▸ **SUPPLIED INFORMATION**
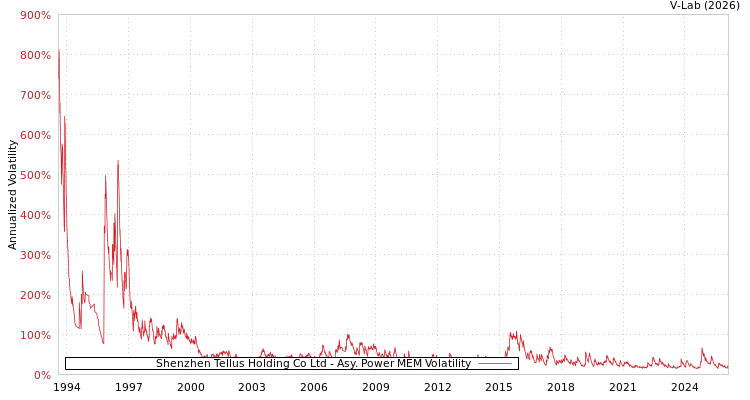graph of Shenzhen Tellus Holding Co Ltd APMEM
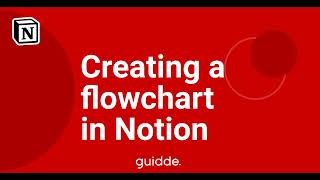 Creating a flowchart ןn Notion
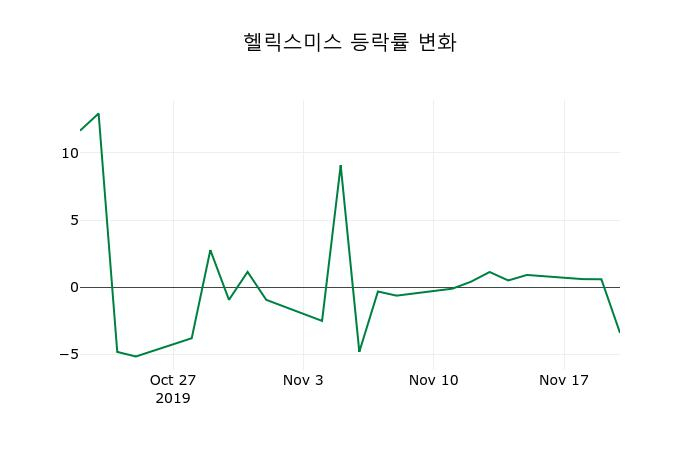 ▲지난 2주간의 등락률 변동정보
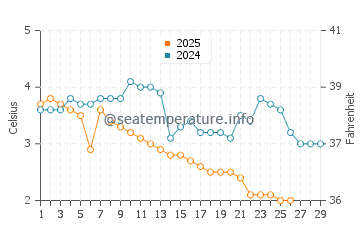 Sodus Point water temp chart in February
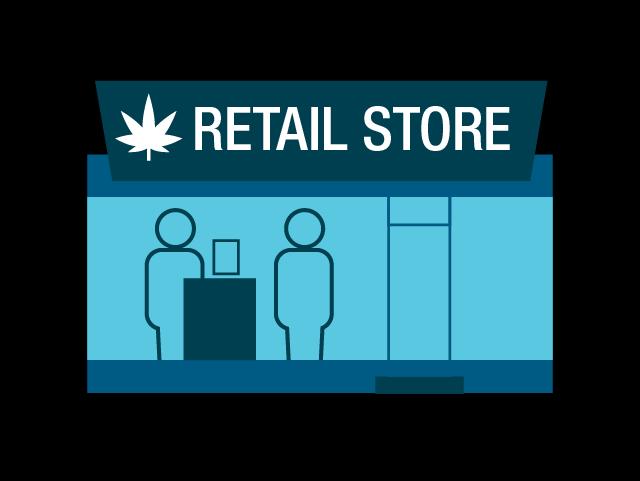 Amendments to Regulations Who can open a private retail store?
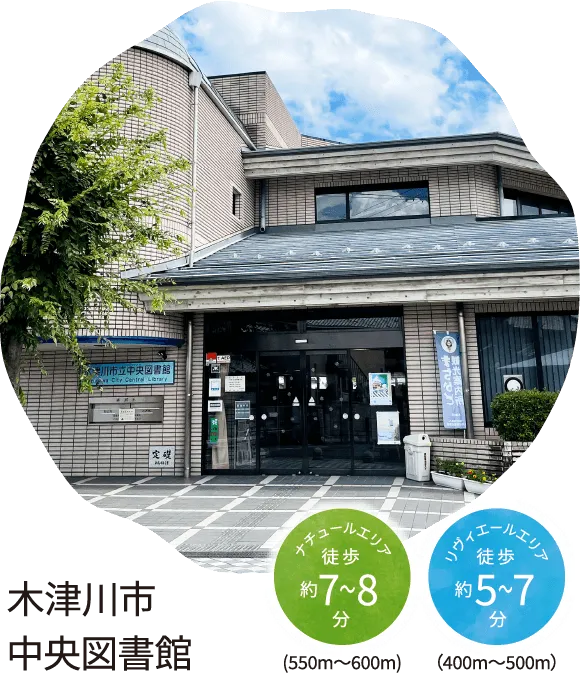 木津川市 中央図書館 ナチュールエリア 徒歩約7〜8分(550m～600m)リヴィエールエリア徒歩約5〜7分（400m～500m）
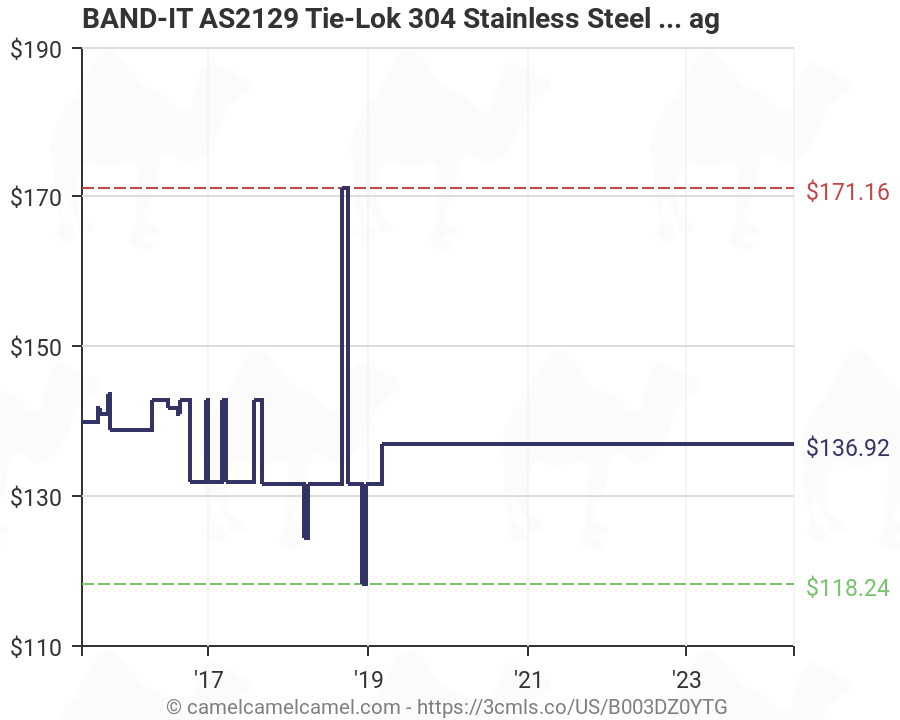 100 per Bag BAND-IT AS2129 Tie-Lok 304 Stainless Steel Cable Tie 4 Maximum Diameter 16.5 Length 1//4 Width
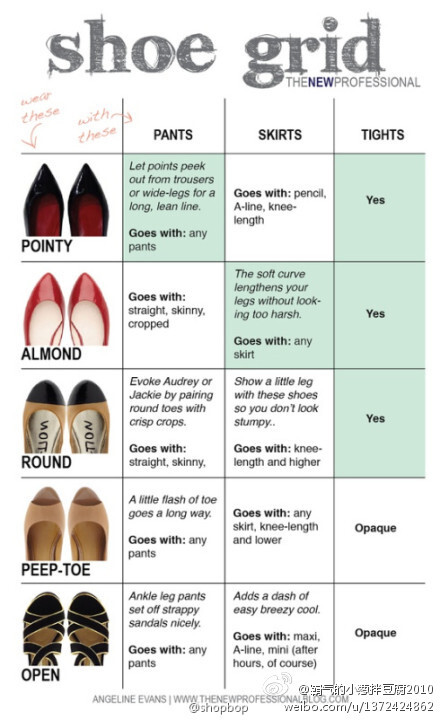 不同的平底鞋型可以搭配的裤型及裙型，好实用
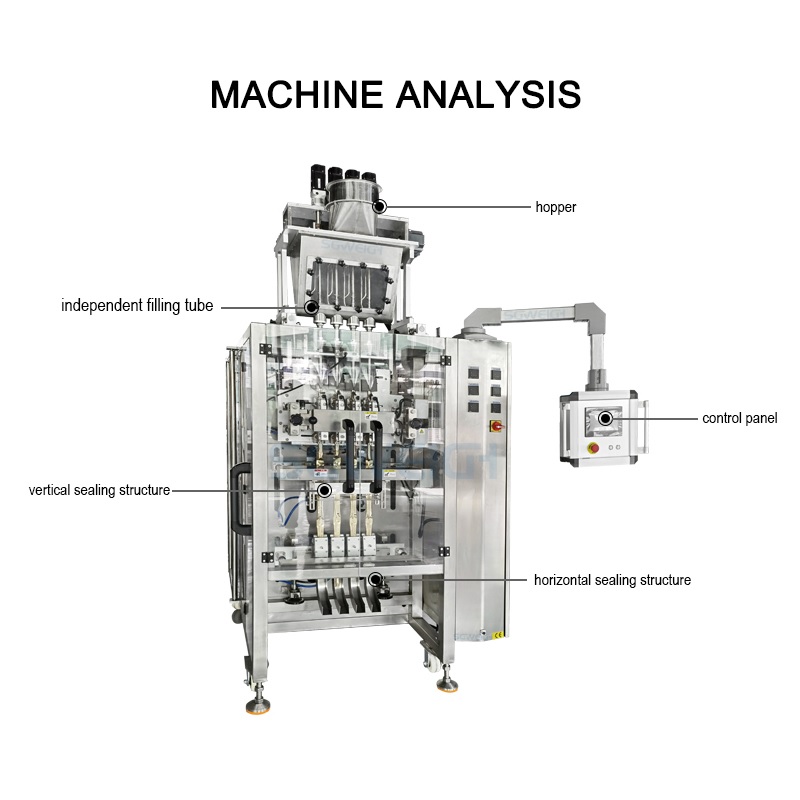 High Speed Back-Seal Powder Multi-Lane Packaging Machine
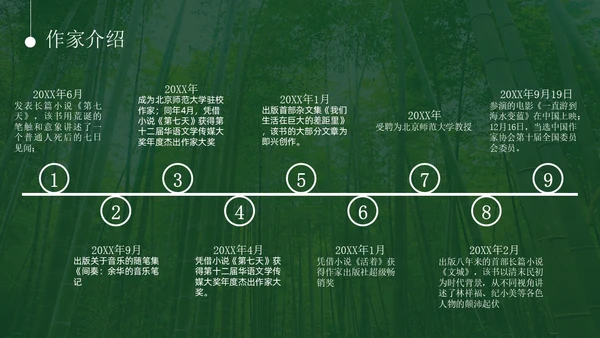 意境实拍风余华介绍PPT模板人物介绍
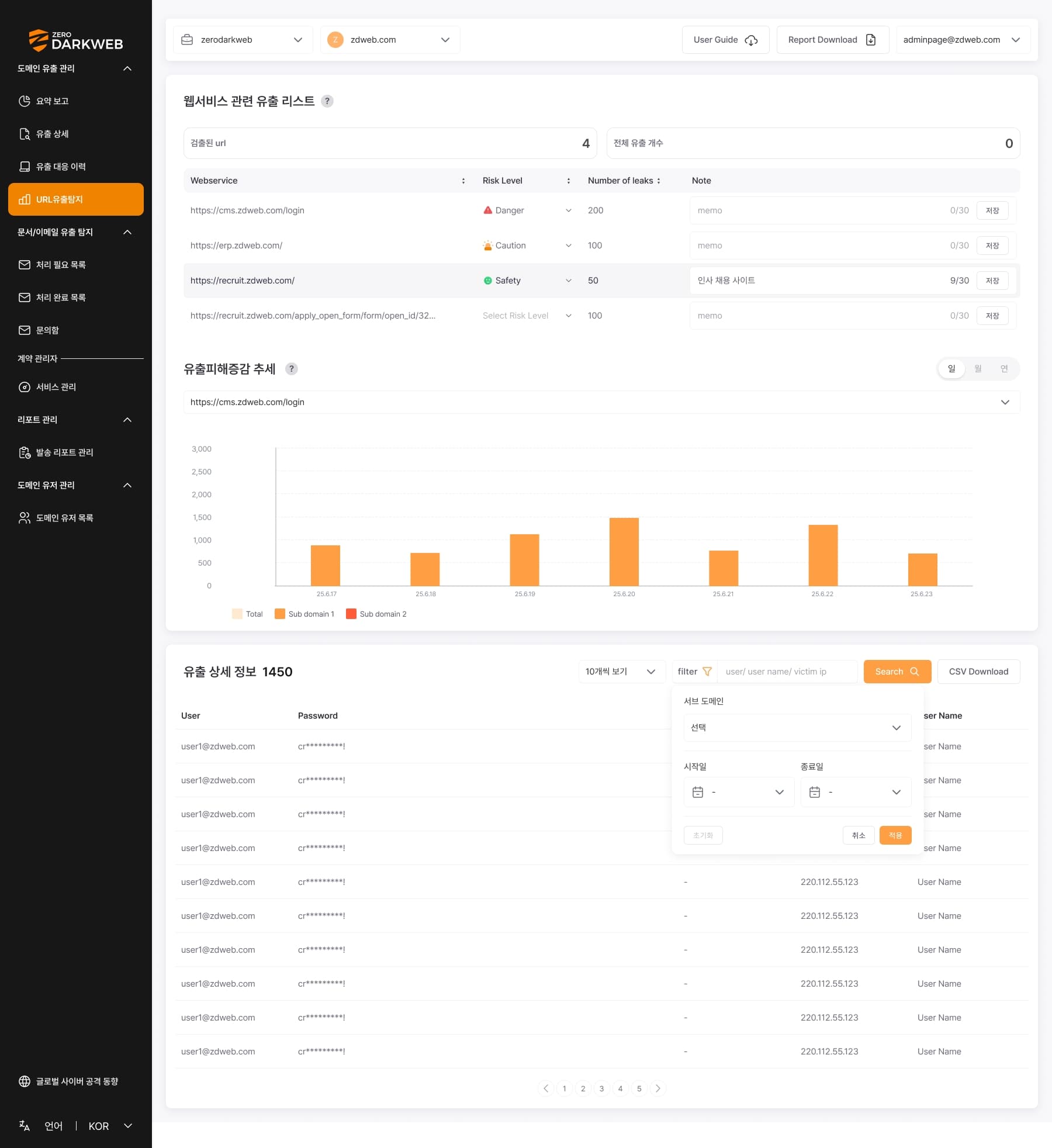 Domain (URL) Leak Detection — product overview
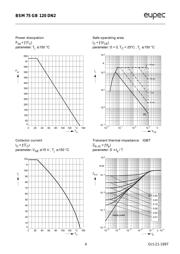 BSM75GB120DN2 datasheet.datasheet_page 4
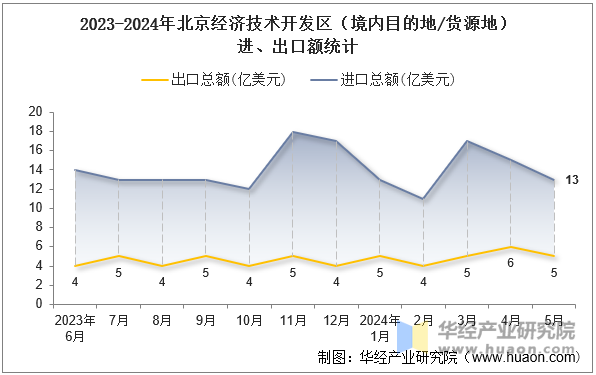 2023-2024年北京经济技术开发区（境内目的地/货源地）进、出口额统计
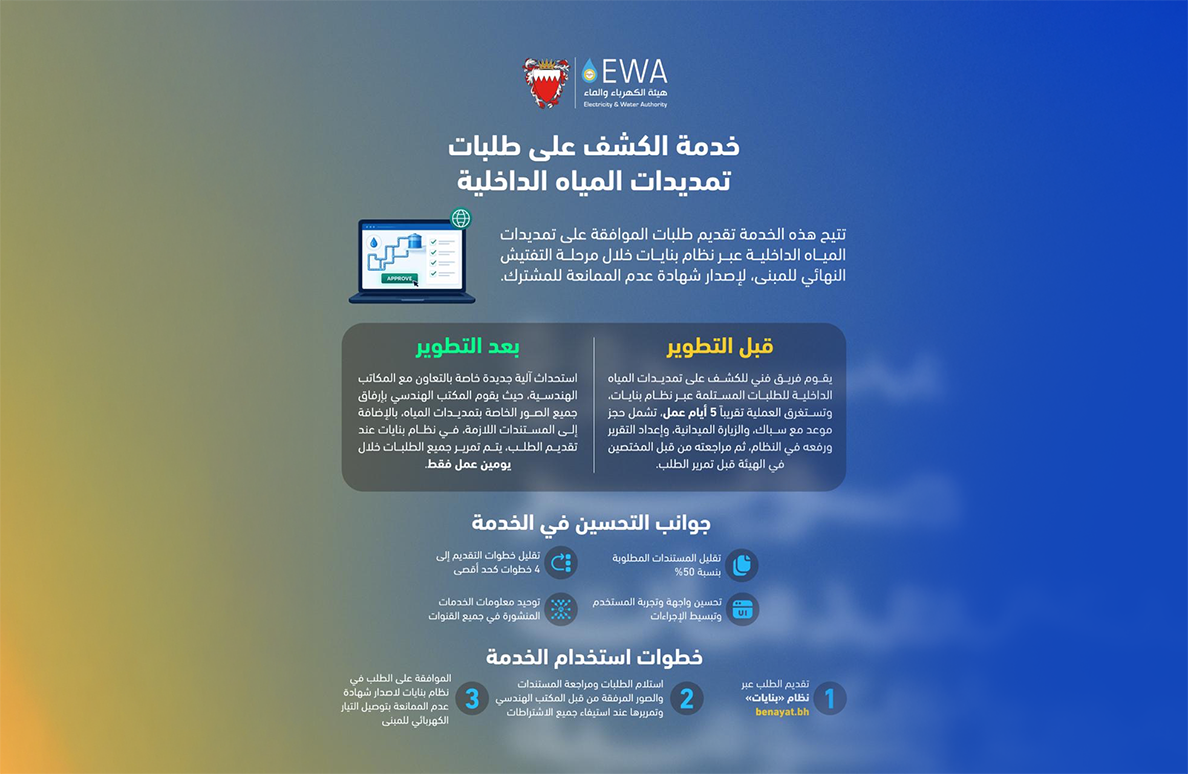 EWA Enhances Internal Water Plumbing Inspection Service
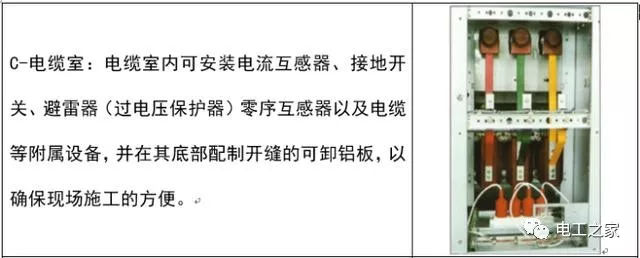 WWW 文本分析10KV开关柜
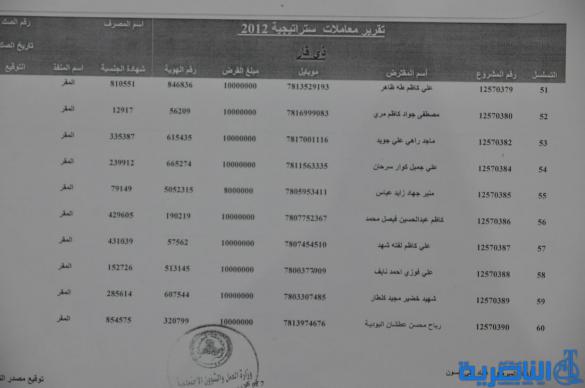قوائم باسماء الوجبة الثامنة من المستفدين من قروض العمل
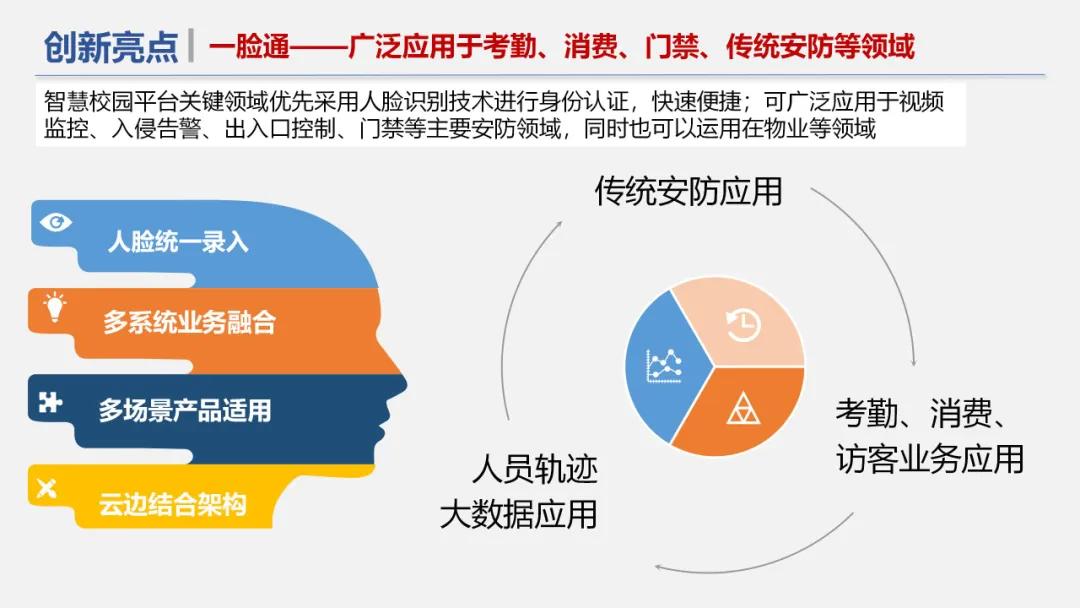 5G+物联网智慧校园解决方案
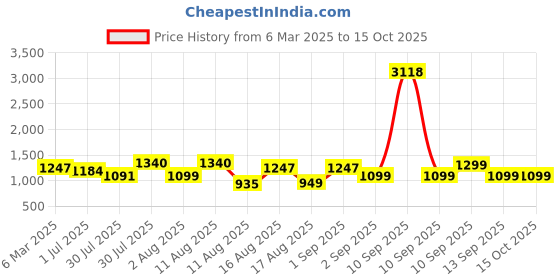 myntra.com LULU & SKY Print Peplum Dress lulu & sky Price History Graph from 6 Mar 2025 to 14 Oct 2025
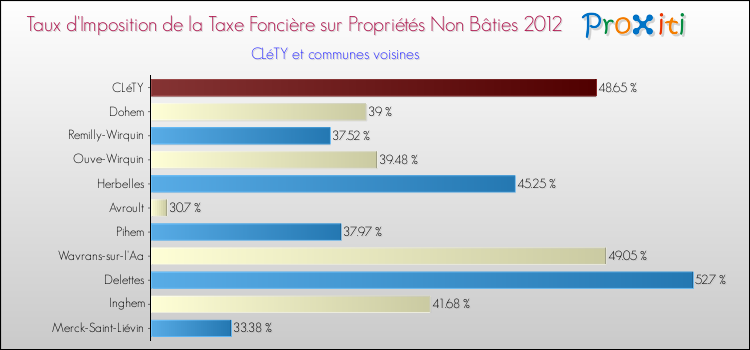 Taux d'imposition de la taxe foncière sur les immeubles et terrains non batis 2012 pour CLéTY et les communes proches Comparaison des taux d'imposition de la taxe foncière sur les immeubles et terrains non batis 2012 pour CLéTY et les communes voisines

▸ **ABOUT THIS TASK**
Set down word for word the lines from the opening of the entries above through the line that contains "myntra.com LULU &", and omit every picture.

▸ **OUTPUT FOR THIS EXERCISE**
graph of Shenzhen Tellus Holding Co Ltd APMEM
 Creating a flowchart ןn Notion
 ▲지난 2주간의 등락률 변동정보
 Sodus Point water temp chart in February
 Amendments to Regulations Who can open a private retail store?
 木津川市 中央図書館 ナチュールエリア 徒歩約7〜8分(550m～600m)リヴィエールエリア徒歩約5〜7分（400m～500m）
 100 per Bag BAND-IT AS2129 Tie-Lok 304 Stainless Steel Cable Tie 4 Maximum Diameter 16.5 Length 1//4 Width
 不同的平底鞋型可以搭配的裤型及裙型，好实用
 High Speed Back-Seal Powder Multi-Lane Packaging Machine
 意境实拍风余华介绍PPT模板人物介绍
 Domain (URL) Leak Detection — product overview
 BSM75GB120DN2 datasheet.datasheet_page 4
 2023-2024年北京经济技术开发区（境内目的地/货源地）进、出口额统计
 EWA Enhances Internal Water Plumbing Inspection Service
 WWW 文本分析10KV开关柜
قوائم باسماء الوجبة الثامنة من المستفدين من قروض العمل
 5G+物联网智慧校园解决方案
 myntra.com LULU & SKY Print Peplum Dress lulu & sky Price History Graph from 6 Mar 2025 to 14 Oct 2025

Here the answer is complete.